Frensia.Id/24/01/2024. KH Bahauddin Nur Salim yang umum dipanggil Gus Baha’ adalah salah satu ulama masyhur di Indonesia yang juga memberikan penjelasan tentang politik. Baru-baru ini bereder video dalam platform Media Sosial Instagram di akun @ngajigusbaha4. Dalam video ia menjelaskan tentang bagaimana cara memilih calon presiden.
Menurutnya, ulama’ dan intelektual berbeda dalam menentukan pilahan presidennya. Perbedaanya terletak pada nalar pertanyaan dasarnya. “Mungkin para intelektual tidak merasa, tapi ulama’ cara berpikir berbeda”, tutur dalam video tersebut.
Bagi intelektual untuk memilih presiden cukup dengan alasan jejak rekam baiknya. Capres A misalnya memiliki rekam jejak pernah sukses dalam menjabat. Maka, masuk akal ketiga dipilih, sebab nantinya akan dapat mensejahterakan.
Namun, bagi para ulama’ tidak akan berpikir demikian.
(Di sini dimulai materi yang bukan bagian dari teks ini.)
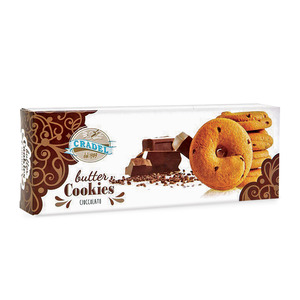 Cradel Butter Cookies Chocolate 100 g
Rekam jejak bukan menjadi standar menentukan pilihan calon presiden. Para ulama’ juga tidak menggantungkan takdir kesejahteraannya pada presiden yang juga makhluk. “kau tak pernah terusik pertanyaan itu kan, para intelektual?”, katanya sambil tersenyum.
Bagi para ulama’, kata Gus Baha’, Rekam jejak itu bisa berubah-rubah. Orang yang dahulunya fasik bisa saja di masa depan akan baik. Sebaliknya, yang dulu baik, bisa saja nanti akan berubah buruk dan merusak negara. Ia bertutur, “bagaimana mungkin makhluk yang sholah kamu pastikan selalu sholah?, wong dia pasti berubah”.
Akhirnya, karena manusia cenderung berubah-ubah, para ulama’ sikapnya selalu tidak jelas. Ia mengaku dirinya masuk sebagai ulama’ yang tidak jelas. Saat ditanya, ia akan memilih siapa calon presiden? ia jawab, “anut pangeran” (ikut Tuhan).